Fifth, other historical "facts" about James the Lord's brother show that he did not agree with Paul's theology, he was a Judaizer and likely for that reason was held in high esteem among non-Christian law-observant Jews, which would hardly be the case if this exact James preached the same message Jesus did, you know, the one that incurred the wrath of the Jewish people (Matthew 12:14, 27:25).
the letters of James and Jude, etc.
There is nothing about the authorship of James' epistle that suggests he was specifically a brother of Jesus, and there were two original apostles of Christ named James whose authorship could just as easily account for that epistle's echoing some of Christ's alleged sayings.  I would argue their aurthorship is ore likely than by James the brother of Christ since they spent three years with Jesus before he died, whereas the brother of Jesus name James was a late-comer, so that naturally either of the two original apostles of the same name are more likely to have more familiarity with Jesus' sayings.

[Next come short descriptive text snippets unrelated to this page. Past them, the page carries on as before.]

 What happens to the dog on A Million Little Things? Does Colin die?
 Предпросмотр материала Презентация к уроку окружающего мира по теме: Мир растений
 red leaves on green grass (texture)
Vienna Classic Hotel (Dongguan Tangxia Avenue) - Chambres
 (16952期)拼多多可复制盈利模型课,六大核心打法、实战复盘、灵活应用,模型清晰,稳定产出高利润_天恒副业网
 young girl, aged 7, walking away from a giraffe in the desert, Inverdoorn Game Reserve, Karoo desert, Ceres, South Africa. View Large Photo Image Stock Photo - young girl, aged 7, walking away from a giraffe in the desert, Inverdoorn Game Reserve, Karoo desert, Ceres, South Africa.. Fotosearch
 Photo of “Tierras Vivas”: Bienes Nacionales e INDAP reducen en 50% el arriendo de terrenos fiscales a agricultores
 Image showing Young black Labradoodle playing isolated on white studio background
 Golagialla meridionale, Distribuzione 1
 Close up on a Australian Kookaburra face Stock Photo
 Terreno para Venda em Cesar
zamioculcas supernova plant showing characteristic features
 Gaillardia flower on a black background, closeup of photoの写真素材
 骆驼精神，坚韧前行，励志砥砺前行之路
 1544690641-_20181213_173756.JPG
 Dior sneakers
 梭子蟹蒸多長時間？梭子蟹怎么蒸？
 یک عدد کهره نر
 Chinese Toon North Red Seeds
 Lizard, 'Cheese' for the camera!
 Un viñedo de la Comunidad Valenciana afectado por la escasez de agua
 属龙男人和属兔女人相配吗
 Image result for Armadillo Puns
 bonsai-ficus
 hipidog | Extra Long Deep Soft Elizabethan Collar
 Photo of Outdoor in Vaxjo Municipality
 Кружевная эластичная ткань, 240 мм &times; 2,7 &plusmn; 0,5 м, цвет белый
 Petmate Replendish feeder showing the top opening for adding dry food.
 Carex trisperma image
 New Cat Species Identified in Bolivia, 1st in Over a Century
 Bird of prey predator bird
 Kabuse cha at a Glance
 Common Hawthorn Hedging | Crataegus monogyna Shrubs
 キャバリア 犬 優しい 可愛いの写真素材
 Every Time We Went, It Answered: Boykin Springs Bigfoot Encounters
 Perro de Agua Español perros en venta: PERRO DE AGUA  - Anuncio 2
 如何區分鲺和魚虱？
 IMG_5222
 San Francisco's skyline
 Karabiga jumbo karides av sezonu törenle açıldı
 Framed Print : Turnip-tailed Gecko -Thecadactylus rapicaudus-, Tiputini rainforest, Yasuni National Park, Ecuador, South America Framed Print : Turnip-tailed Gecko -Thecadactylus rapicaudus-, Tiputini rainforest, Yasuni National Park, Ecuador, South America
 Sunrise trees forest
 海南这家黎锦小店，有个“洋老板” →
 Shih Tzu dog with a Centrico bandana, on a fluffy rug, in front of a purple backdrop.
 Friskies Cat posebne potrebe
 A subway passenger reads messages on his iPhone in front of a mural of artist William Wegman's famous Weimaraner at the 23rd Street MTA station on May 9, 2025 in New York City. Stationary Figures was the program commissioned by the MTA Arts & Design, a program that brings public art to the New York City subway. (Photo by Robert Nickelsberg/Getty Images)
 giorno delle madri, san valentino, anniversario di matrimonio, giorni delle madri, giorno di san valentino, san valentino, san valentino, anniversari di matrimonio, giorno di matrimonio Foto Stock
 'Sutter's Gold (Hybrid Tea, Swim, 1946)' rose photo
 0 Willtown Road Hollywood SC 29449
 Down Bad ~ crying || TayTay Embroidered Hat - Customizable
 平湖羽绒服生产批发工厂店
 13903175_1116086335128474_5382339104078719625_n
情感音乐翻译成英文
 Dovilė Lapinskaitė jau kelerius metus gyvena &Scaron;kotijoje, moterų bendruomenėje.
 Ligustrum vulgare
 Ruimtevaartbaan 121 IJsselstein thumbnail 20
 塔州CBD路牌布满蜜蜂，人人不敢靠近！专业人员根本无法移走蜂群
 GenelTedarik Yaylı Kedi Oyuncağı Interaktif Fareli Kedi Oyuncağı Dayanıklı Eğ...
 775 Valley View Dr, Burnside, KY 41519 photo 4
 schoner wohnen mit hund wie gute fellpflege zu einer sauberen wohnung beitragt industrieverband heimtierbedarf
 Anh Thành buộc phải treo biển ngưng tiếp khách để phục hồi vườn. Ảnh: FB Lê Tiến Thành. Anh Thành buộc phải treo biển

For both epistle of James and epistle of Jude, it is quite difficult to believe, in light of Jesus granting specific authority to certain apostles (Matthew 16:18), and in light of Paul's admission that the early Christian laity recognized certain apostles as authoritative (Galatians 2:6), and in light of Peter's belief that only TWELEVE men could possibly be legitimate apostles (Acts 1, his seeing a need to replace Judas with Matthias), that the authors, if they are true apostles, would fail, as they do, to specify their authority and position.  1st Peter starts out with the author declaring he is an "apostle", 2nd Peter doesn't matter because it is reasonably construed a forgery despite the trifles of fundamentalists otherwise, and Paul is always identifying himself as an apostle and authority.   Yet James and Jude place themselves at the level of other Christians by declaring themselves "bond-servants" of Christ (James 1:1, Jude 1:1).  The reasonableness of saying the true authors were not the leaders bearing those names, but lesser persons who either had the same names, or wrote what they thought such leaders would have written, is not going to disappear merely because other authorship theories are also within the realm of viable possibility.
Keep in mind that Jesus' relatives were critical of him at times, so his enemies would have had an interest in and ability to get information about his background from those relatives.
Agreed.  Which probably accounts for why we have no surviving records from the 1st century of those hostile to Jesus.  When the enemies can use Jesus' family against him, us Christians must "destroy the memory of Amalek from under heaven..."  Paul wanted to 'stop' the mouths of Jewish Christians who were teachings things he didn't approve of, see Titus 1:11.  That's not calling for democratic debate, and its not asking those listening to the jewish Christians to "check out" Paul's competing claims, that's asking for the Jewish Christian assertions to cease circulation altogether.
Some of Jesus' neighbors, coworkers, and contemporaries in places like Bethlehem and Nazareth also would have lived past the time of his death, even for decades in some cases. The same is true of the religious authorities and others who opposed him and had him executed. Just as the early Christians passed on information from generation to generation, so did their enemies. The early Christians and their opponents produced many documents in the earliest decades of Christianity, not just the ones we possess today, as I argue here.
 Except that it is also reasonable to conclude that the Judaizers wrote letters critical of Paul (their ability to convince Peter and "even Barnabas" (Galatians 2) might suggest the case for the Judaizer gospel is more powerful than what you can tell from mirror-reading Galatians and Acts 15), yet we have no such thing from the 1st century.
And see here for some comments from Larry Hurtado about how the literacy of the early Christians is often underestimated.
Many of Paul's converts were illiterate (1st Corinthians 1:26).  perhaps you will argue that the Greek word for "many" need only mean "two".
- We have a lot of evidence for a traditional view of Jesus' childhood.
The significance of which is completely debunked by Jesus' own complete apathy toward and silence on his own childhood, as if he was of the belief that what happened in his childhood had no significant bearing on his claim to the Messiah.  Add to this the fact that 25 of the 27 NT books show zero concern for events in Jesus' childhood, and you are a fool to insist that skeptics are somehow intellectually obligated to give two shits about these speculations that you just cannot resist wasting your time with.  Then again, Jason Engwer thinks it is proper use of God's money to help digitize and preserve the audiotapes of the Enfield Poltergeist, which according to his bible constitutes using god's money to preserve records of the manifestations of demon activity.  We can safely assume Engwer is so fanatical in his desire to prove bible inerrancy and apologetics, he ends up often contradicting the bible.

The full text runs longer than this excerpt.